Doveste chiedermi chi sono i miei personaggi americani contemporanei preferiti, uno dei primi nomi che farei sarebbe sicuramente John Lewis. Forse il primo.
Finché non compì sei anni, John Lewis aveva visto solo due persone bianche in tutta la vita. Era nato nel 1940: ha l’età di alcuni di voi, o dei vostri genitori, al massimo dei vostri nonni. È il terzo di dieci figli di due mezzadri afroamericani che mettendo insieme tutti i loro risparmi erano riusciti a comprare un pezzetto di terra vicino a Troy, in Alabama. Non avevano acqua corrente né elettricità. Coltivavano cotone, mais e arachidi. John Lewis si occupava delle galline e andava a scuola, ma ogni anno durante il raccolto doveva mollare le lezioni per dare una mano ai suoi genitori. Gli piaceva leggere, ma i suoi genitori gli avevano detto che non poteva frequentare la biblioteca della città: era aperta soltanto ai bianchi. Non poteva fare un sacco di altre cose, John Lewis.

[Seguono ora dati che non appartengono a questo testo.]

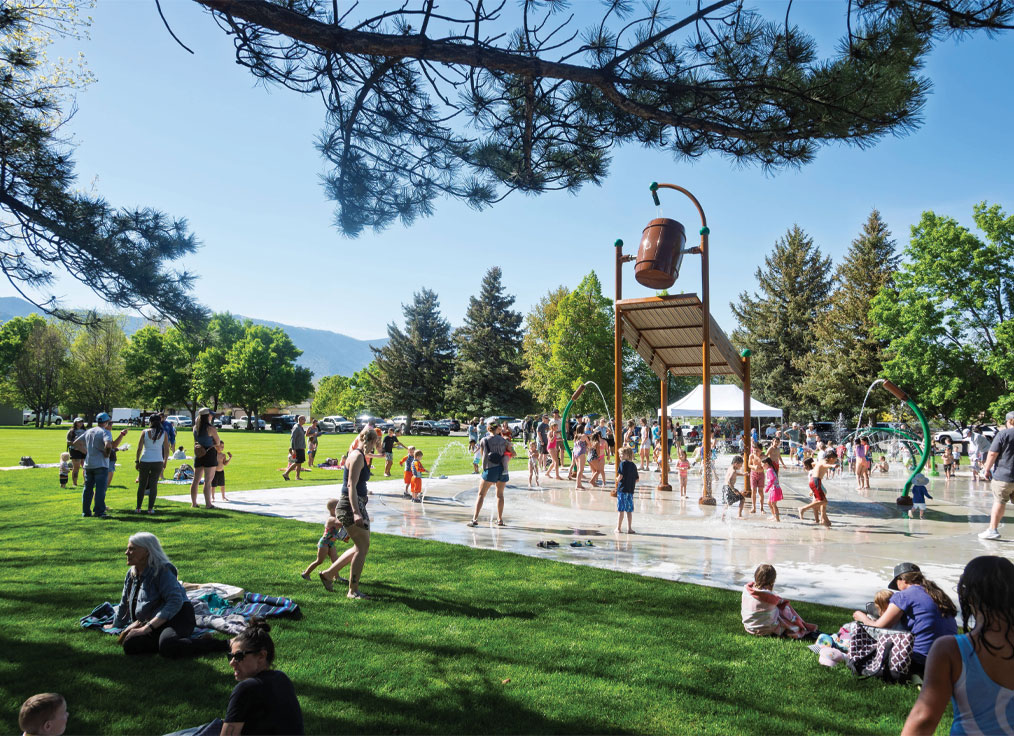 a large crow of people gather at a splash pad in a park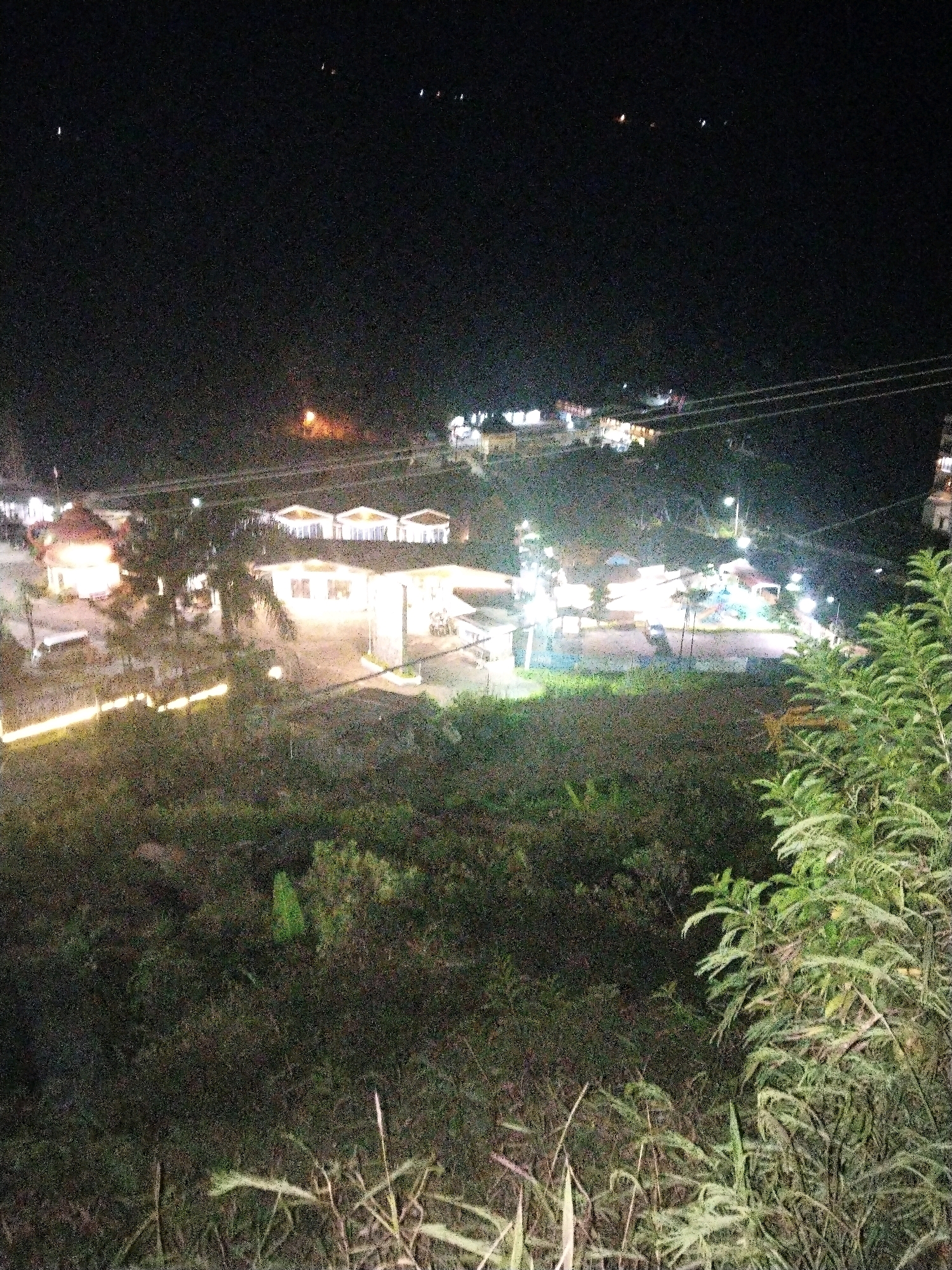 This image is a nighttime aerial view of a well-lit resort or housing complex in the city of Rembul, Indonesia. The resort features several distinct buildings, possibly bungalows or villas, arranged in a row and illuminated with warm, artificial lighting. A central area appears to be a communal space, possibly a restaurant or gathering area, also brightly lit. In the foreground, dense vegetation, including trees and bushes, covers a hillside, obscuring the lower portion of the scene. The sky is dark, with a few distant lights visible, suggesting a clear night. Power lines are also faintly visible spanning across the scene. There are no people visible in the image, and the overall impression is one of a peaceful, illuminated settlement against a dark, natural backdrop.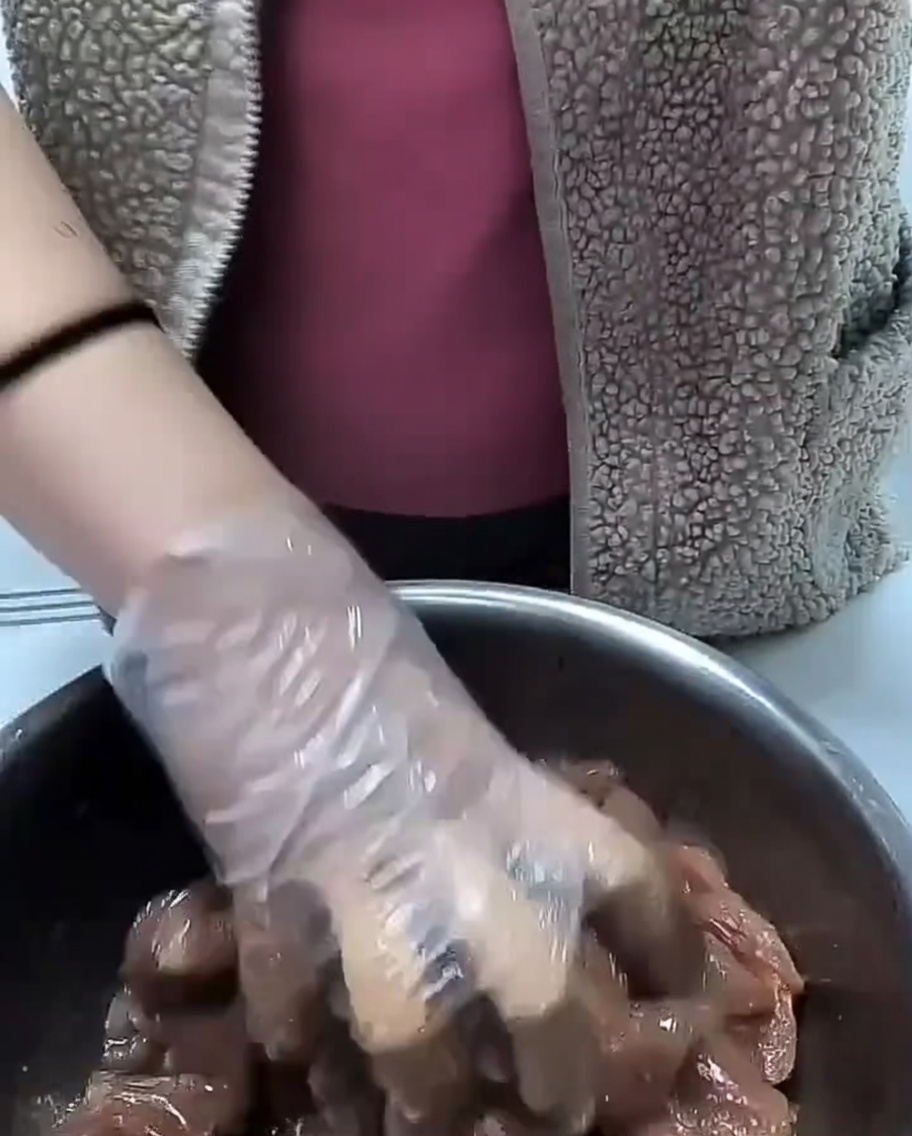 下味をつけた豚肉の上から調理用油を回しかけている様子。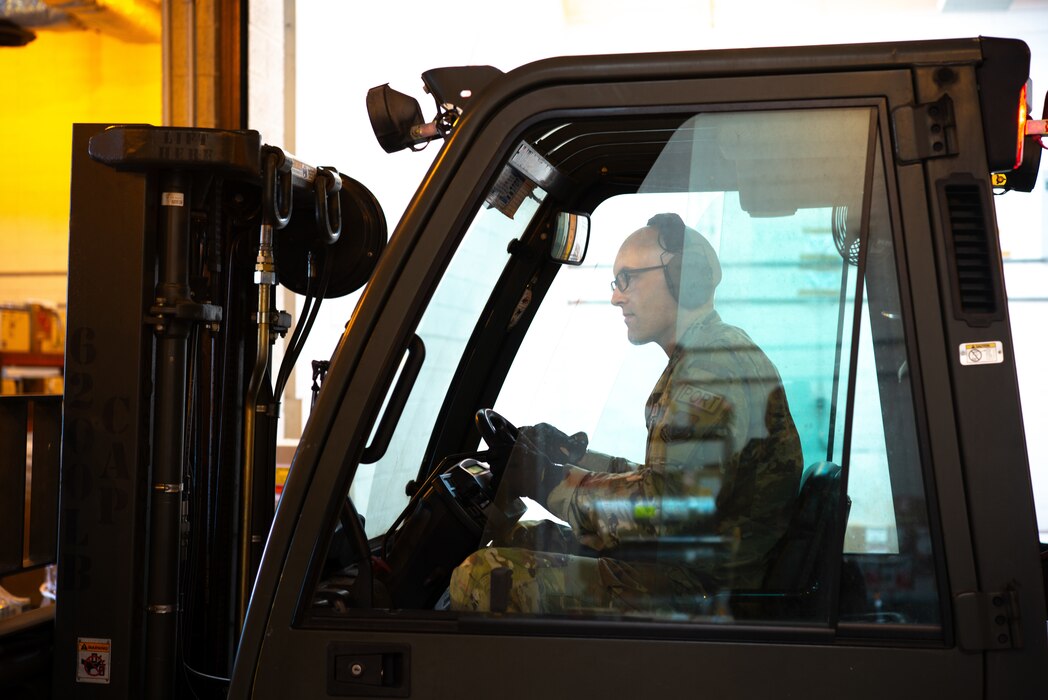 Tech. Sgt. Duncan Hamlin, a loadmaster with the 86th Aerial Port Squadron, poses for a photo on Dec. 12, 2024, at Travis Air Force Base, California. The 86th APS is responsible for global airlift operations.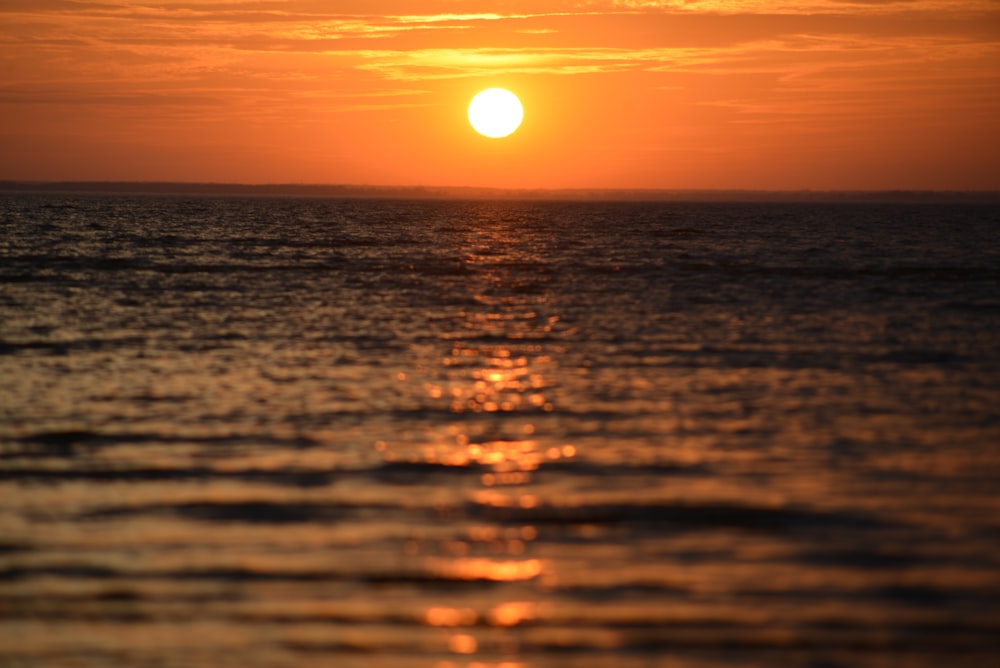 the sun is setting over the ocean on a cloudy day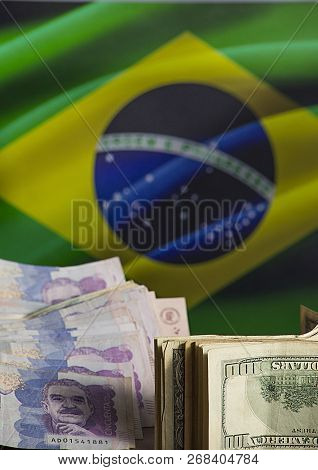 Planning Trip To Brazil- Dollars And Colombian Money With Flag Of Brazil In The Background
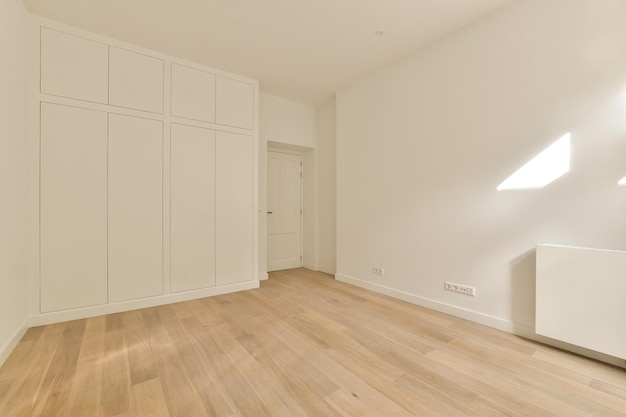 Ein leerer Raum mit Holzböden und weißen Schränken an der Wand rechts, dort gibt es keine Tür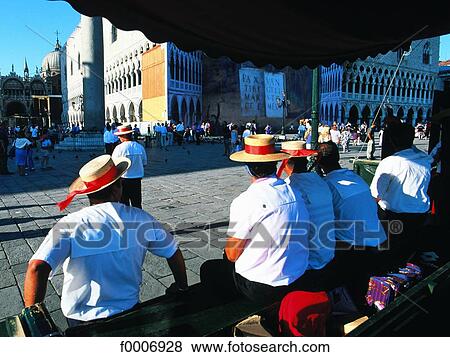 Stock Photo - Italy, Venice, Gondoliers sitting on Saint Mark's Square. Fotosearch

La nuova puntata del podcast di Da Costa a Costa racconta la sua vita straordinaria, che può mostrarci quante cose sono cambiate in pochi decenni e soprattutto attraverso quali azioni, strategie e sacrifici. Lo potete ascoltare gratis su tutte le piattaforme di podcast, da Spotify a Spreaker, da Google Podcast all’app “Podcast” che trovate pre-installata sui vostri iPhone.
Ascolta “S04E12. John Lewis” su Spreaker.
In queste settimane molti si sono chiesti se siano questi, quindi, gli Stati Uniti: un paese in cui le manifestazioni pacifiche vengono represse con la violenza e in cui il razzismo pervade ogni aspetto della società. Non c’è dubbio che gli Stati Uniti siano anche questo. Ma non dimenticate una cosa.
Le decine di migliaia di persone che hanno manifestato pacificamente in ogni città ogni giorno per quasi due settimane – vi ricordate casi simili in Italia, per qualsiasi causa? – sono statunitensi anche loro. E gli Stati Uniti sono anche il posto in cui la discussione pubblica sul razzismo è avanzata, vivace e partecipata come in nessun altro paese al mondo, e in cui esiste un’industria culturale in grado di partecipare a questo dibattito con un’elaborazione, una qualità e un’influenza da cui tutti gli altri, volenti o nolenti, possono solo imparare. Il posto in cui le persone riescono a cambiare idea con una rapidità che ogni tanto produce degli strappi, delle accelerazioni inaspettate nel lento percorso di cambiamento delle nostre società.
Sembra che nelle ultime settimane sia avvenuto uno di questi strappi.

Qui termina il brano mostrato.